Superchargers are Tesla’s answer; free connectors that will charge their cars in minutes, instead of hours. These stations are strategically placed throughout America (and, to a lesser extent, the rest of the world) to minimize stops during long distance travel. Each station contains multiple Superchargers to minimize the wait, and they are conveniently located near restaurants, shopping centers, and Wi-Fi hot spots. In short, they are the world’s fastest charging stations, acting much like gas stations do to conventional, combustion-powered automobiles.
The Model S is currently the only EV capable of charging at up to 120 kW, which equates to 170 miles of range in about 30 minutes, but you should expect the same for the Model 3. There are currently 613 Supercharger stations worldwide, containing some 3,628 Superchargers, and this number is expected to rise rapidly. Suddenly electric cars are starting to sound tantalizingly close to regular cars…

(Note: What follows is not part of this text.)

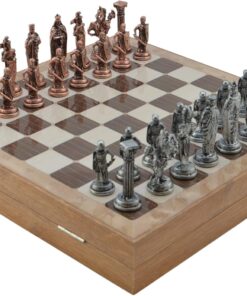 Büyük Boy Metal Osmanlı-Bizans Satranç Tk. Antik ve Mermer Desenli Sandıklı MDF Tahtası(36X36 cm.)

But here’s the thing: right now, Tesla actually runs at a loss. Musk was a co-founder of PayPal, and the understanding is that he has used a large chunk of his personal stash to bankroll Tesla. At age 44, the South African-born Canadian-American business magnate is one of the second millennium’s most successful people, understanding that modern business works by overpowering and outspending the next man in a frantic scramble to the top of the pile. Here, there is little room for competition, and Musk is banking an awful lot on achieving “industry standard” status.
Even though the Tesla boss once reportedly said Steve Jobs was “kind of a jerk,” if there isn’t a copy of the late Apple CEO’s autobiography somewhere in his 20,248-square-foot Bel Air mansion, a lot of people would be surprised. Think of the Superchargers like iTunes. As with Apple, getting hold of the supply — whether that’s music or electricity — means you start to get a hold on the market. Incidentally, Apple itself is working on a rival electric car according to Musk, calling it California’s “open secret.” Clearly, even when you sell the fastest sedan in the world (the Model S reaches 60mph in 2.8seconds), the race to being market leader is not yet in the bag.
And, paradoxically, the bigger Tesla gets, the harder it may become to sell cars. As you might expect, right about the time that people started queuing outside Tesla branches to put down a refundable $1,000 deposit for the Model S last week, the naysayers started slinging mud.
You see, Tesla is currently riding a wave of interest in a U.S. federal government tax credit, worth $7,500 to customers of electric cars. The credit begins to phase out for a manufacturer’s vehicles when at least 200,000 qualifying vehicles have been sold for use in the United States (determined on a cumulative basis for sales after December 31, 2009). In other words, not all of those ordering a Model 3 are likely to get this handy discount.
Tesla is hoping that the buzz has already been created and that, even without this financial incentive, interest in electric vehicles will hang around long enough to make the company a household name. The company’s detractors are banking on exactly the opposite.
CNBC did a poll following the launch, asking people who put down their refundable deposit whether they would actually buy the car once it came to stumping up the final sum. While it’s not the most reliable methodology, two-thirds of those polled said they would. With Model S sales running at over 50,000 last year, this could equate to well over 250,000 cars sold in a year (including the Model X SUV, when it arrives).
That’s certainly not bad for a company as relatively young as Tesla. But consider, for a moment, that there are almost 90 million cars produced globally every year. That figure has almost doubled since 1997, and the vast majority of them are running on good old gasoline. With the Model 3, Tesla might have shown the world that electric car is here to stay, but one thing’s for certain: it’s got a very long road ahead of it indeed if it wants to pull into pole position.